He awoke gasping for air. It was dark, cramped, moist. All he knew was to dig, dig, dig, up, up, up. Eventually he reached the surface, the light blinding his eyes. He looked down at his hands, hands of stone and clay and flesh fused together like some horrible amalgam. And that was when he remembered, a word, deep within his subconscious, the word "golem." He looked above him and saw the vultures circling him. He remembered what they were called as well, buzzards, so he took that as his name. Buzzard, a creature of earth and flesh, living yet not. All that he could feel was the drive to walk—to walk far away, to the ends of the earth if necessary—to find that single image before he saw before he awoke, the boy with eyes like the night sky in a city shrouded in shadow. He looked around; he was in a secluded field, green waves of grass undulating around him. He felt something like an all-consuming fire point him in the direction of the city like, like, what was it called? Oh yes, a compass. So Buzzard took his first steps toward the city of shadows.

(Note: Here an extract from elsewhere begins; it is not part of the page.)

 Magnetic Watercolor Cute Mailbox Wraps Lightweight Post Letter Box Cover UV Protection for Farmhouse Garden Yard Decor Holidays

After leaving the clearing, he found a faded gray road that wound through the hills and followed it as one would follow a stream to the source. Along the highway to the city he saw signs reading "Lexington 55." The language made sense to him, yet he did not completely understand why, and the numbers kept getting smaller and smaller. He felt strange feelings as he walked, stoic and undisturbed. Something inside him cried "FOOD! FOOD!" so he scraped the bark off the trees and devoured it ravenously. Occasionally something loud and boisterous, a machine on wheels ("A car," he thought.) would zoom by, usually ejecting some sort of can or bottle as a projectile at him. These were but minor wounds for him, and he shrugged them off easily.

When the darkness came, he would lay down in the brush and rest, a fitful sleep, where he saw the eyes of the boy as deep and as dark as the night sky. The next day as he traveled, he found an emaciated dog before him chewing on roadkill like its wolf ancestors would have done on a deer thousands of years ago. As he approached, the dog ignored him, until—thirty feet away—its hairs bristled and it began to growl. Buzzard stared at him with sympathetic eyes, but only saw bestial hate return his glance. He took a step forward; it took a step back. For what seemed like days they stared at each other, until the canine finally turned and ran. Buzzard wondered what this meant; why would such a thing hate him? He pondered this for three more days, when he finally reached the city of shadows and saw the woman with the dark glasses.